Just a quick note on this issue: I thought it was interesting that three of these stories (the reprints) feature characters with nonbinary pronouns, while none of those characters are actually human. Hun Dun, the androgynous deity (“The Facecrafter”) and the alien appeaser (“In Everlasting Wisdom”) both are referred to with they/them pronouns. Callisto (“The Falls”) uses e/er, and even corrects Nuur when she accidentally uses she/her instead. In “The Falls,” e/er pronouns are meant to denote and enforce the separateness of AI from humans, and it’s implied that Nuur’s use of the wrong pronouns is an effect of her humanizing Callisto, who reminds her of her daughter. While it’s interesting to see all of these characters in the same issue of a magazine, I am starting to speculate whether this is part of a larger trend of sci-fi writers using nonbinary pronouns to imply that something is inhuman or inherently “other.”

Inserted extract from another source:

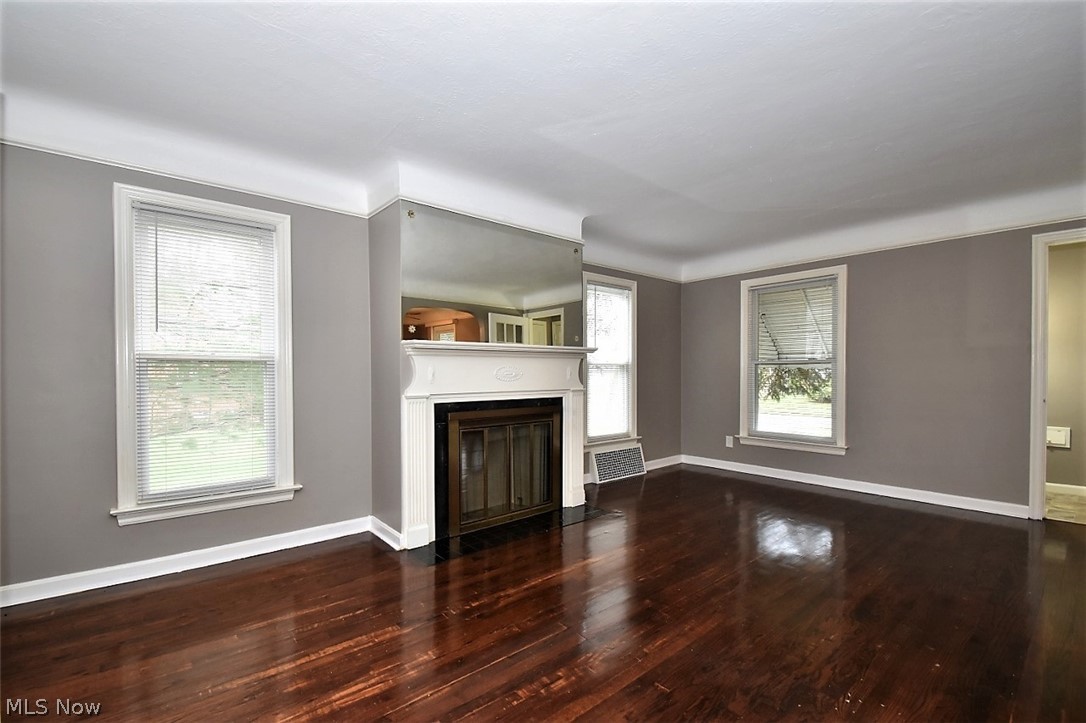 956 Woodview Road Cleveland, OH 44121 - Photo 5 of 30 Gallery Image 5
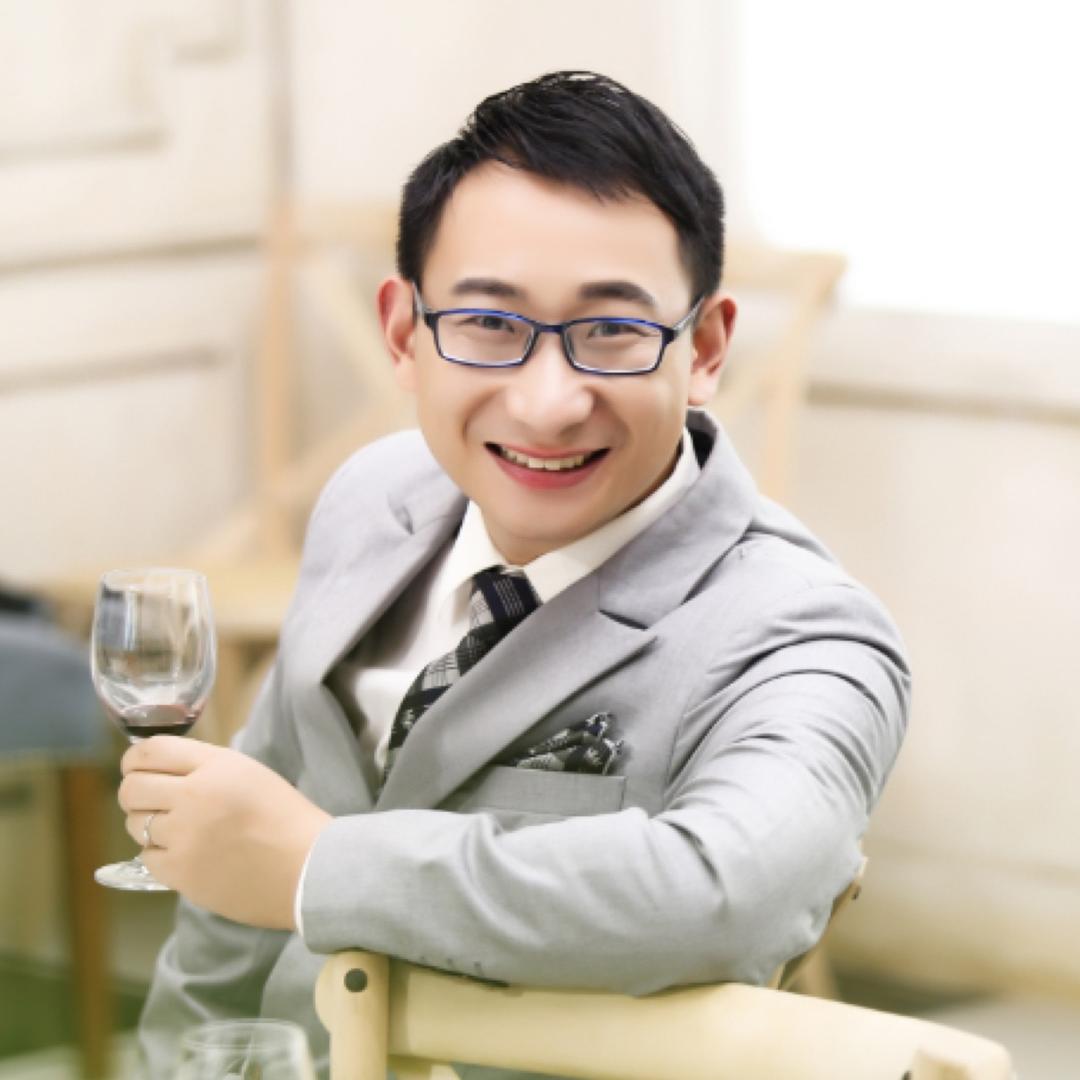 化妆品工厂总经理 李秀恒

Of course, some real life humans use they/them pronouns to describe themselves, and while I don’t know of anyone who uses e/er specifically, these pronouns are very similar to the Spivak pronouns e/eir. Many people find it difficult to accept the concept of a nonbinary person, and implicitly believe that male and female are basic a priori features of humanity (i.e. if you’re not a woman or a man, you must not be a person at all). I’m not sure if this trend feeds into that mentality, or if it’s a wider acceptance of a selfhood that exists before being gendered. So while I accept that it makes sense for all three of these characters to be ungendered, I wonder if portraying gender neutrality in this way will have any effect on how we perceive the nonbinary humans of our own world?